Retype every entry word for word. Omit the pictures.
MATERIALS PROVIDED: Begin
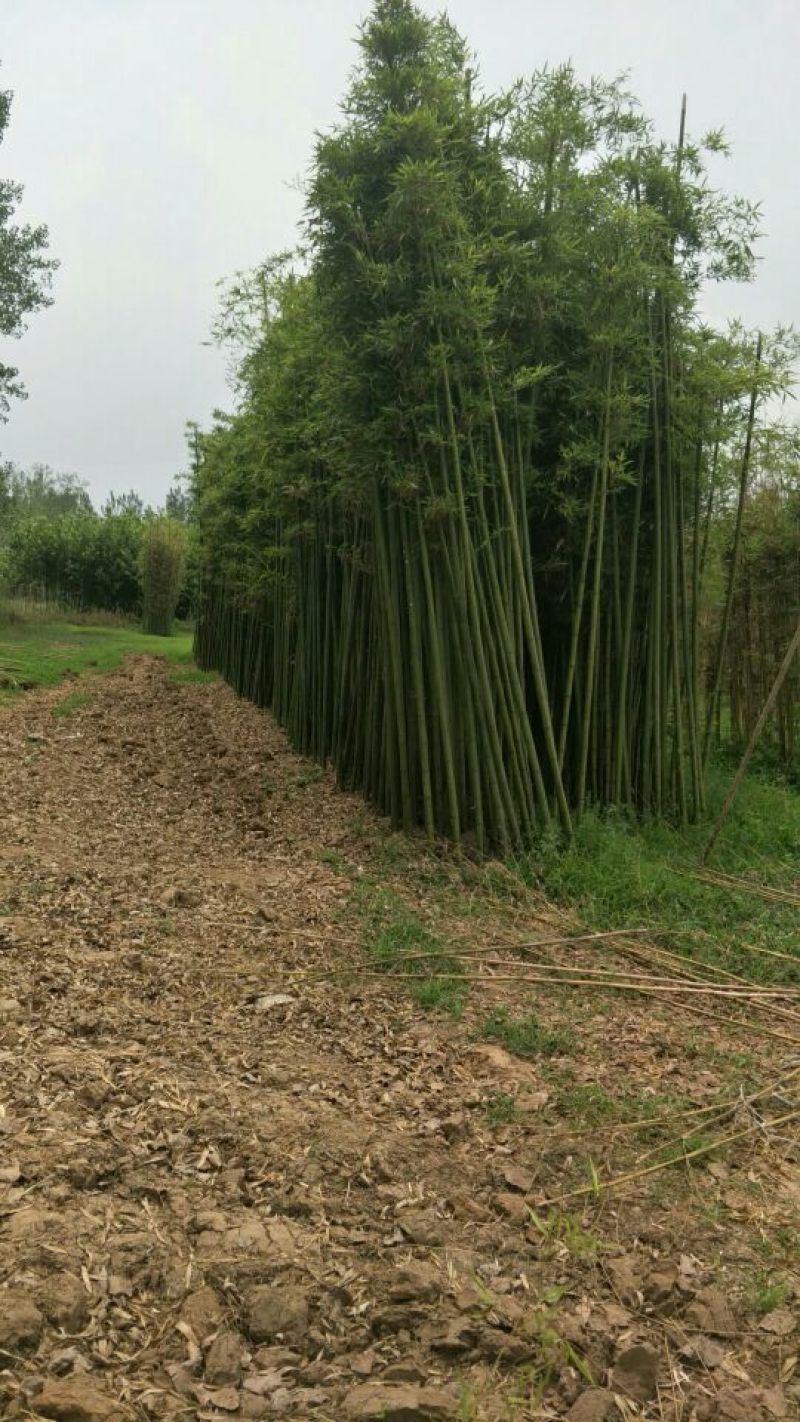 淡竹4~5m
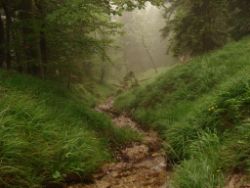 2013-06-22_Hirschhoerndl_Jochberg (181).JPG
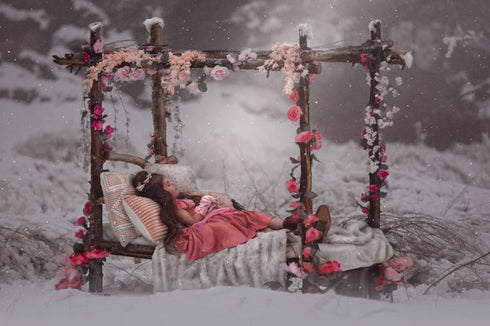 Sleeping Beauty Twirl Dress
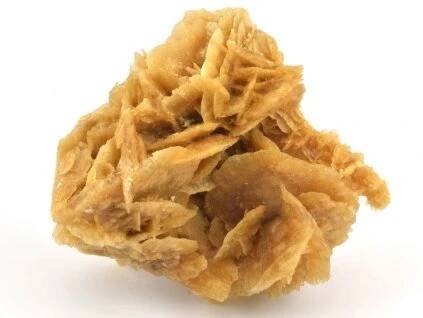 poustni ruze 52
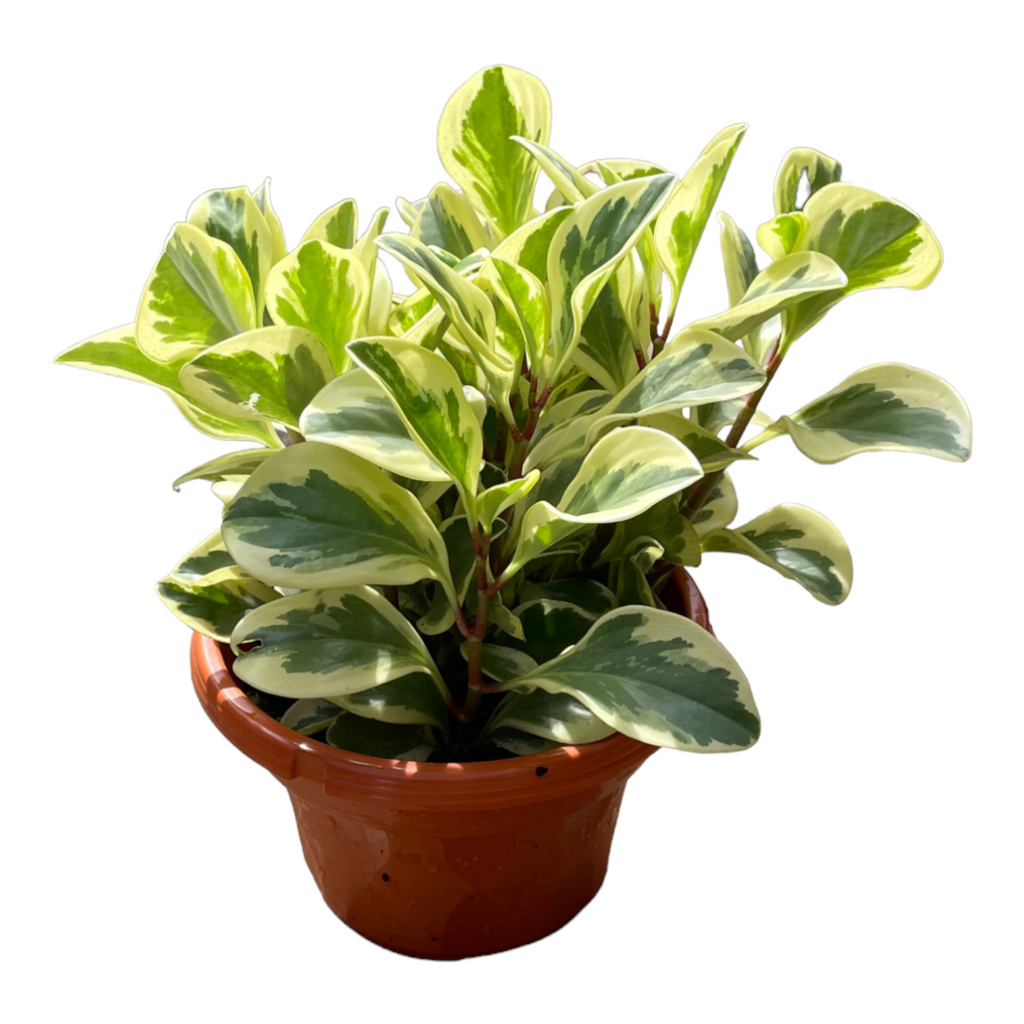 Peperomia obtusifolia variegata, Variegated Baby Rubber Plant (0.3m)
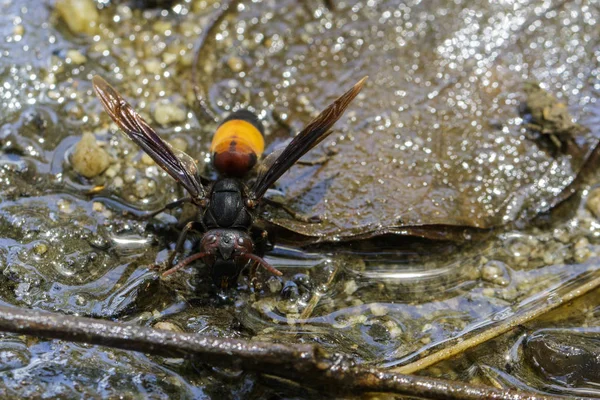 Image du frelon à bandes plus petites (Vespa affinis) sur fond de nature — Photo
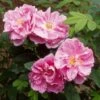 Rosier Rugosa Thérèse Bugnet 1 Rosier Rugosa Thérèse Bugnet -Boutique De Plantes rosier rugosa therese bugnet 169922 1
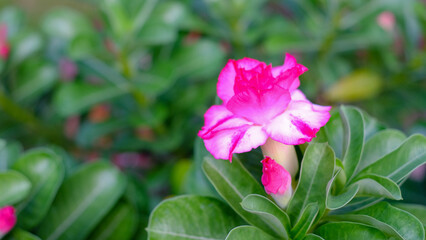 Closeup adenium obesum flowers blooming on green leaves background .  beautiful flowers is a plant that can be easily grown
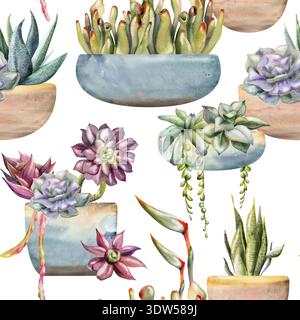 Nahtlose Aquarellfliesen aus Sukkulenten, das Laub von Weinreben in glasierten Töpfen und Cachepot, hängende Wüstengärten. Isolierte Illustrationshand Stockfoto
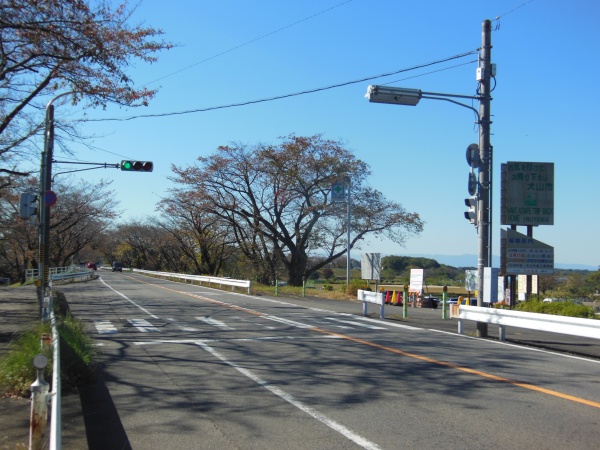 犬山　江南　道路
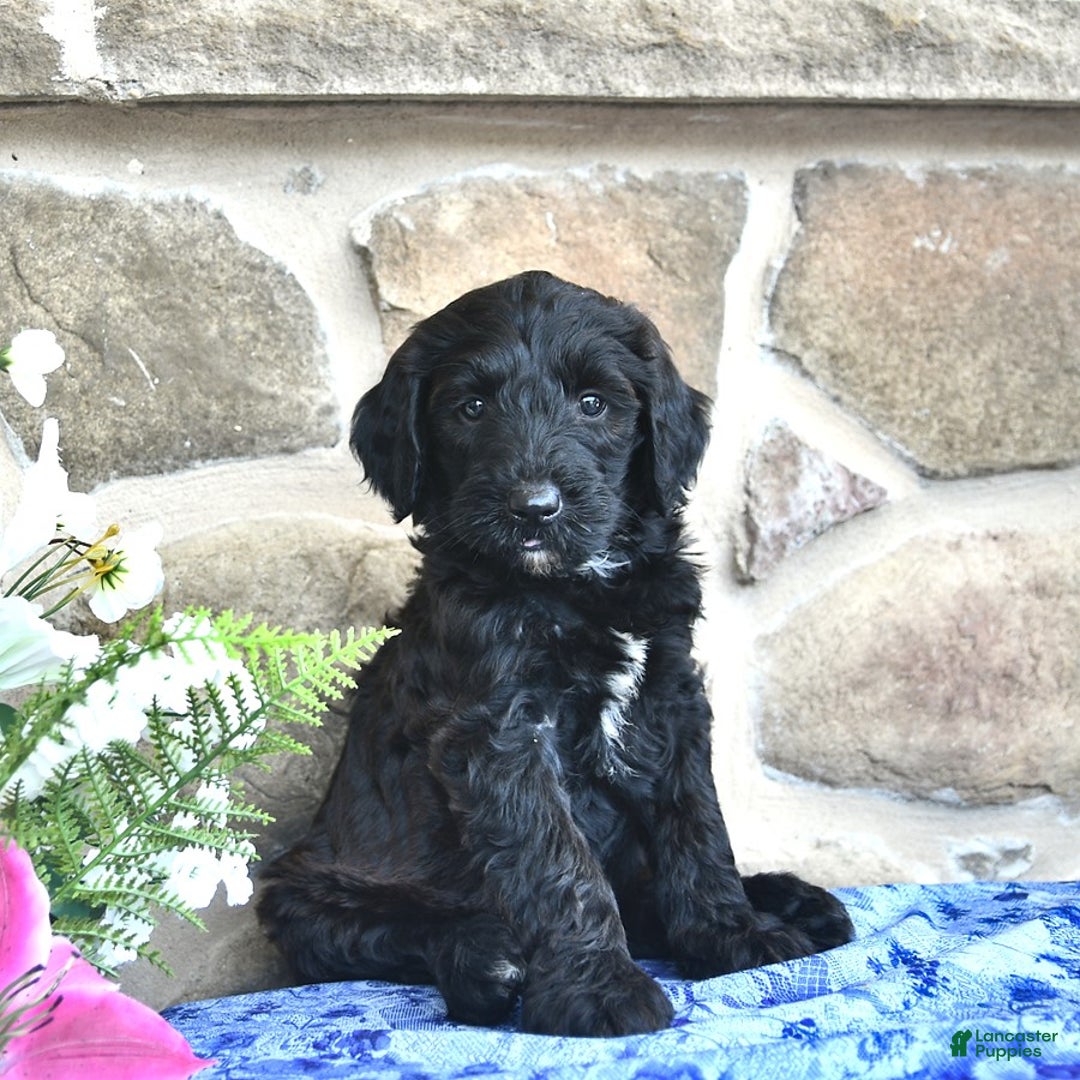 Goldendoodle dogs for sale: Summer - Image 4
MATERIALS PROVIDED: End
## RESULT BELOW
 淡竹4~5m
 2013-06-22_Hirschhoerndl_Jochberg (181).JPG
 Sleeping Beauty Twirl Dress
 poustni ruze 52
 Peperomia obtusifolia variegata, Variegated Baby Rubber Plant (0.3m)
 Image du frelon à bandes plus petites (Vespa affinis) sur fond de nature — Photo
 Rosier Rugosa Thérèse Bugnet 1 Rosier Rugosa Thérèse Bugnet -Boutique De Plantes rosier rugosa therese bugnet 169922 1
 Closeup adenium obesum flowers blooming on green leaves background .  beautiful flowers is a plant that can be easily grown
 Nahtlose Aquarellfliesen aus Sukkulenten, das Laub von Weinreben in glasierten Töpfen und Cachepot, hängende Wüstengärten. Isolierte Illustrationshand Stockfoto
 犬山　江南　道路
 Goldendoodle dogs for sale: Summer - Image 4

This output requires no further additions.